Thursday, Jan. 03, 2013
Spevak: Cat-and-mouse game: Our turn to chase kitten
By John Spevak
I want to congratulate those of my readers who received a cat as a Christmas present.
Cats drive me crazy. For example, my wife, Sandy, and I have an outdoor cat that believes it should be indoors. My son and daughter-in-law have an indoor cat that believes it should be outdoors.
It's no wonder I go nuts when I'm around them.
Sandy's cat, which I inherited, is named Sky. We get along reasonably well. As an outdoor cat, she is provided room (our garage) and board (dry cat food).
In exchange, all I ask is that she deter mice from entering our house.

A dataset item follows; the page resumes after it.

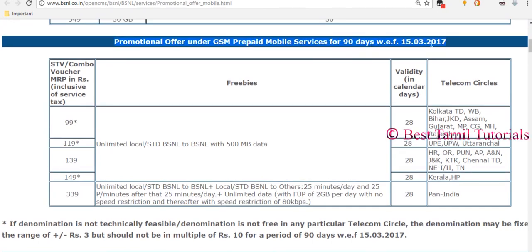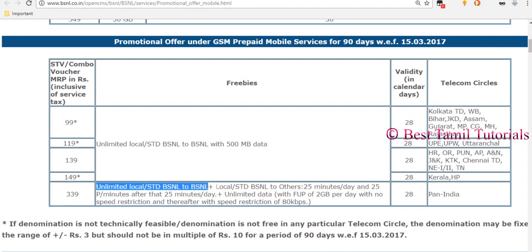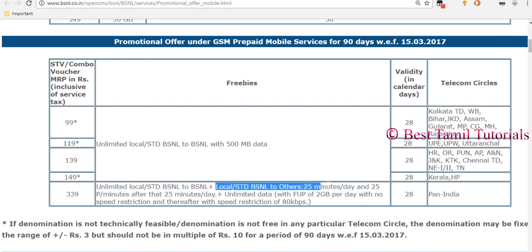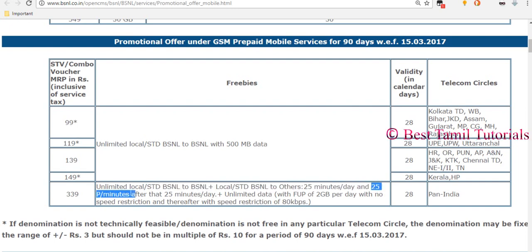We will see that the promotion offers 30% of your research funding. We will use unlimited local STD BSNL to BSNL for free. It will be available for local STD calls from BSNL to other networks, and for 24 hours the calls will be free.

Sky does a decent job of this, although a few sneak by and end up in pantry mousetraps.
I try to explain to Sky that she's supposed to stay outside the Spevak living space. I've told her about kids and grandkids who have allergies to cat hair. But Sky doesn't care to listen.

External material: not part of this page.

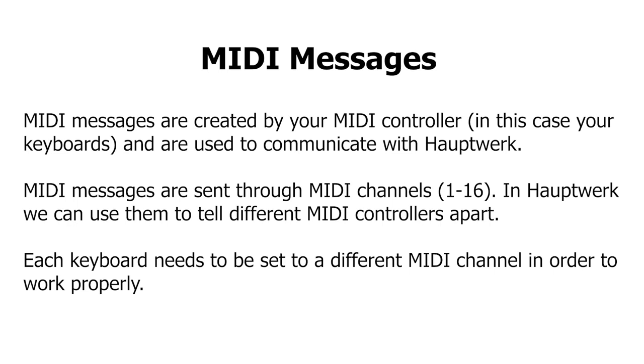That's not what we want it to do. We want it so that each manual is triggered by a single physical keyboard. That's why we need to ensure that when using multiple keyboards, we set separate MIDI channels on each of them. That way, Hauptwerk can distinguish between keyboards and which one is configured to which manual.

Every time I open a door, front or back, Sky is there, looking for a chance to sneak inside the house. If I let my guard down for a mini-second, she zips past me faster than greased lightning.
Eventually, I persuade her to go with me into the garage, where I give her a small amount of higher quality dry cat food as a bribe.
It's a maddening game of cat and man, and usually the man loses.
Alfie, on the other hand, is an indoor Reno kitten who persistently tries to sneak outdoors. That doesn't make sense, especially in the winter. He has all the comforts of a warm, cozy home, and the company of my son Mike, daughter-in-law Karen, and their three children: Hanna, 14; Kaila, 12; and AJ, 2½.
The last time I visited the Reno Spevaks, Mike and Karen were out of the house while I watched the kids. I opened the sliding door in the family room that leads to the backyard patio to take a photo of the recently fallen snow before sunset. I wasn't thinking about the kitten.
In a flash, Alfie came out of nowhere and darted outside, where darkness was falling as well as snow. Alfie, like Sky, is not very bright. In his case, once he gets outside, he doesn't want to come back in.
It was clear I needed to find Alfie and bring him in soon. I enlisted Hanna and Kaila to help, while AJ stayed inside, hopefully not getting into anything.
Kaila, Hanna and I were outside in the cold and snow, trying to coax Alfie to come in. But Alfie was determined to hide under the sprawling evergreen bushes with branches so close to the ground that they presented a great hiding place for a kitten and a very challenging place for humans searching for said kitty.
The first five minutes was a little like a game. Alfie would sneak under one evergreen. Hanna, Kaila or I would try to snatch him. Alfie would then elude us and run to the next bush.
After five minutes the game became a war, or at least a skirmish. We needed to catch Alfie soon. We couldn't leave AJ by himself much longer. And the dumb kitten would be in danger of frostbite in the 22 degree weather.
I used the flashlight that's an app on my cell phone in the early evening search. I finally found Alfie and kept the light on him, while Kaila sneaked up behind him. Alfie might not be smart, but he's quick. He scooted away in a flash.
I was getting colder and madder by the minute. Hanna found a flashlight, so we had two search lights. Each time we found Alfie and tried to corner him, he scurried to another bush.
This was not fun. Twenty minutes had gone by. I went in to check on AJ. Fortunately, he was fine. Hanna, Kaila and I -- our hands getting numb from the cold -- gave it one more try.
We found Alfie and circled him. This time Kaila, quick as a cat, finally scooped Alfie up.
And I was spared the indignity of telling Mike and Karen that, while they were away, on my watch, the family cat froze to death.